Your assignment >> For each line of the data below that contains "This", return that line.

Data shown >>

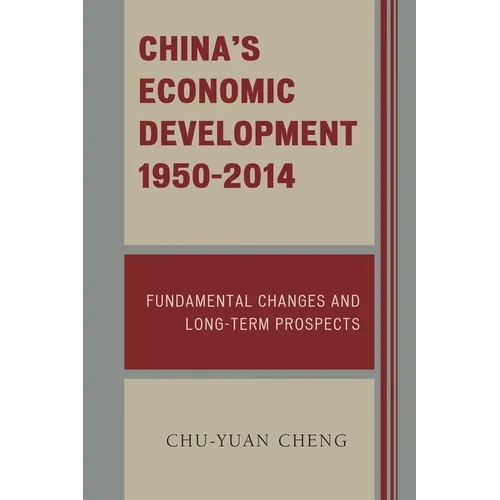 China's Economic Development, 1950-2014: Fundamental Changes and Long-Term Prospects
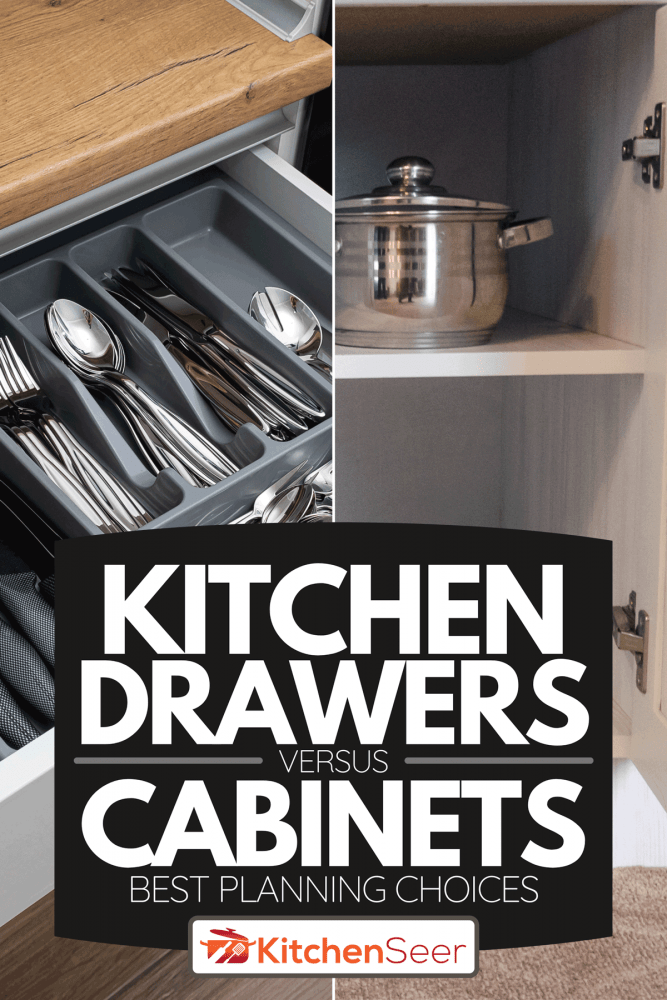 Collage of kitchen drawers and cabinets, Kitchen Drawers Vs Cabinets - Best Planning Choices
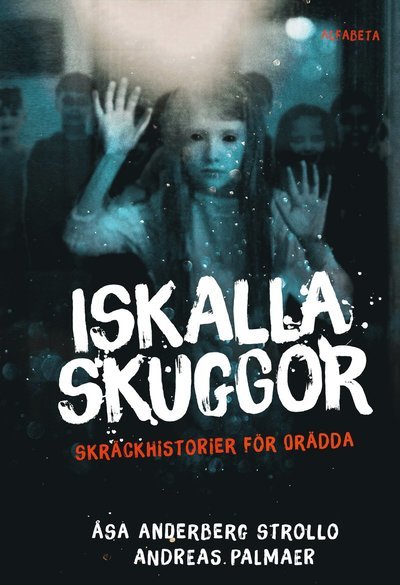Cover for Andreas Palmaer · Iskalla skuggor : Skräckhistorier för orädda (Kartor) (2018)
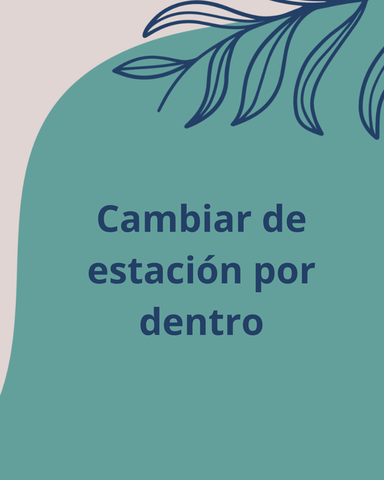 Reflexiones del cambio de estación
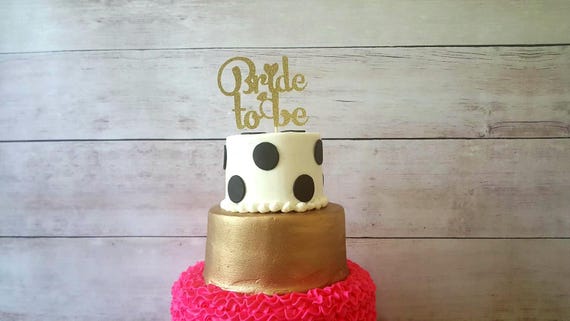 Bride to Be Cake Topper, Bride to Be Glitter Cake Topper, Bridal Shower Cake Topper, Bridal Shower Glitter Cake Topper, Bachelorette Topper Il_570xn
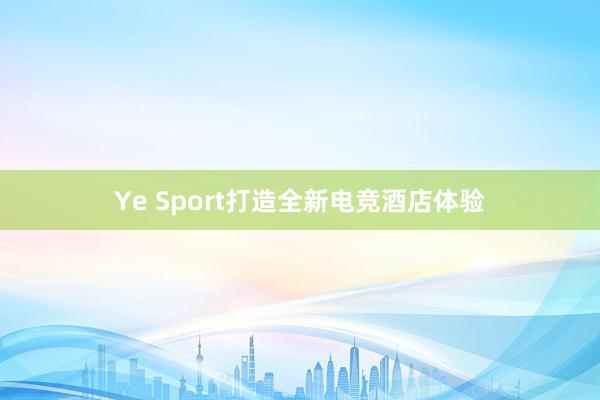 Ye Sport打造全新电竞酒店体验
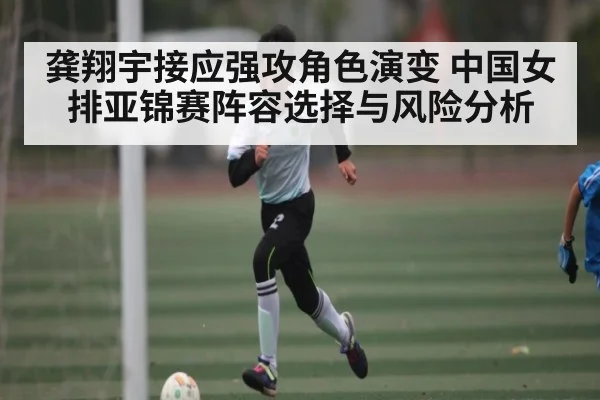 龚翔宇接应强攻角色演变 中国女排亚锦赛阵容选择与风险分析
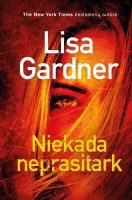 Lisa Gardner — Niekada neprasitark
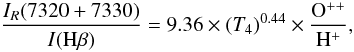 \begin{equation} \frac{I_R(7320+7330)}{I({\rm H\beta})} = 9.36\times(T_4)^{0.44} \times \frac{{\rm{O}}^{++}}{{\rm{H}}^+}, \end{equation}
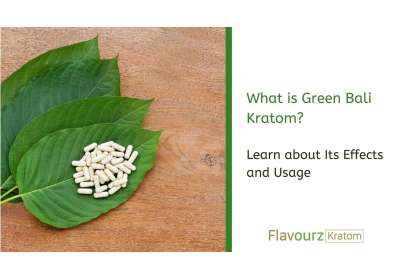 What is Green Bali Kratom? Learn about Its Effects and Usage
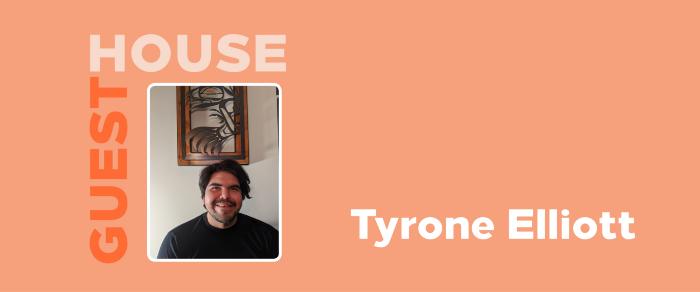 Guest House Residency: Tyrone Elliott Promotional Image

* * *

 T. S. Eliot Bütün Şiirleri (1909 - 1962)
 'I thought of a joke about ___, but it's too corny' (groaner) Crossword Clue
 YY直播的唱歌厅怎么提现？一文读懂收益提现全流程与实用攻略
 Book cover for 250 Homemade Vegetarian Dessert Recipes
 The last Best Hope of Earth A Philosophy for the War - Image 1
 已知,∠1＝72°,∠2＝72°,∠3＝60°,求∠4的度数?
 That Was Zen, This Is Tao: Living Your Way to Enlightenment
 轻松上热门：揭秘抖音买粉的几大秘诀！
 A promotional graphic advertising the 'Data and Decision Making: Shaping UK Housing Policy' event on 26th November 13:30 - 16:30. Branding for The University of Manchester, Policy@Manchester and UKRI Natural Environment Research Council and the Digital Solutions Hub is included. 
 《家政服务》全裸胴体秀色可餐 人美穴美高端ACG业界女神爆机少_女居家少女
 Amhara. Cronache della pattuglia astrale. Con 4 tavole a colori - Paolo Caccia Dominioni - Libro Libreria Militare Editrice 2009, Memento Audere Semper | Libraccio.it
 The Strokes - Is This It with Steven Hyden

...

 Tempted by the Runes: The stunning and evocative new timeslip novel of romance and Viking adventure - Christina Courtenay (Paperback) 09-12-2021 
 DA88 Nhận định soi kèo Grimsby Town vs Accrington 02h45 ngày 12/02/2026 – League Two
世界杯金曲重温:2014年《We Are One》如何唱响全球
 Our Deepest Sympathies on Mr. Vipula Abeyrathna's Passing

Task result >>
 That Was Zen, This Is Tao: Living Your Way to Enlightenment
 The Strokes - Is This It with Steven Hyden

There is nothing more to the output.